Posted May 22, 2017

Tyler offers undergraduate art therapy program

The new BA in art therapy was designed in response to the No. 1 requested program among current and prospective students of the top-rated Tyler School of Art.

Associate Professor Lisa Kay teaching a class.
Photography By: 
Betsy Manning
Associate Professor Lisa Kay (center), who heads the art education program, played an instrumental role in designing the curriculum for the art therapy BA.

A new undergraduate program at the Tyler School of Art will meld art and psychology, giving aspiring art therapists a strong foundation for graduate studies and careers.

The Bachelor of Arts in art therapy, which will host its first full cohort of students in the fall, has long been a vision of Tyler Associate Vice Dean Carmina Cianciulli, who helped to shepherd the program along with Associate Professor Lisa Kay, a board-certified art therapist who heads the art education program and spearheaded the art therapy curriculum design.

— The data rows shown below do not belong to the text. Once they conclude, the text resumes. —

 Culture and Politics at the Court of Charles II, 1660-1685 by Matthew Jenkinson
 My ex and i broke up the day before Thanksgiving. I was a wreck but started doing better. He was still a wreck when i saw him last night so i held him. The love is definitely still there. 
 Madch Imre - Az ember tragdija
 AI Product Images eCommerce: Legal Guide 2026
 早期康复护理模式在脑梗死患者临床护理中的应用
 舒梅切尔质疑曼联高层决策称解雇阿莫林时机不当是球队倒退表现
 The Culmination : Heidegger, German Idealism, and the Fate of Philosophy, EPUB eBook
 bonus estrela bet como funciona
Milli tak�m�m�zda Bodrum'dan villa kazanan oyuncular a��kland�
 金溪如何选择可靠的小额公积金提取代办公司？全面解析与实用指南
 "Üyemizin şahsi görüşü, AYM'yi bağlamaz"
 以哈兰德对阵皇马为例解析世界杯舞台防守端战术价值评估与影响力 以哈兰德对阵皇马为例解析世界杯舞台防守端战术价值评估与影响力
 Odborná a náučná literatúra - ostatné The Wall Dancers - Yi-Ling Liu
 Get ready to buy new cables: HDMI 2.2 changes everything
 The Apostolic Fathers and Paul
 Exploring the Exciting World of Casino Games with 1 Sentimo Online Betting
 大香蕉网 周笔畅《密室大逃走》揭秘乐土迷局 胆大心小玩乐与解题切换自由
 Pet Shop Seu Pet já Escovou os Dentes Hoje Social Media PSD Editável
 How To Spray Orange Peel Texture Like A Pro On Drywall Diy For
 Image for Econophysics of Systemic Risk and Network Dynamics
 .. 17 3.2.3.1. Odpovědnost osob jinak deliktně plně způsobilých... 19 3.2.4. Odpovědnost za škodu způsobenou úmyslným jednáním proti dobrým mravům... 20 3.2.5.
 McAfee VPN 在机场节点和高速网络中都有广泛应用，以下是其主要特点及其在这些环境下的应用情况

“This has been a dream of mine since I came to Tyler, so this is more than 20 years,” Cianciulli said. “For many years, I directed admissions, and it was the No. 1 request for a program we did not have. We have many students who are in the BA in visual studies program who minor or double major in psychology because they’re interested in becoming art therapists.”

The bachelor’s in art therapy is a 120-credit program that includes art and art education courses at Tyler, along with psychology courses in the College of Liberal Arts. Students will gain field experience through a required fieldwork capstone course.

“We have students already who know they want to go to graduate school for art therapy, so this gives them a really strong foundation,” said Kay. “They’re going to be out in the field working with other mental-health professionals who value the therapeutic aspect of art.”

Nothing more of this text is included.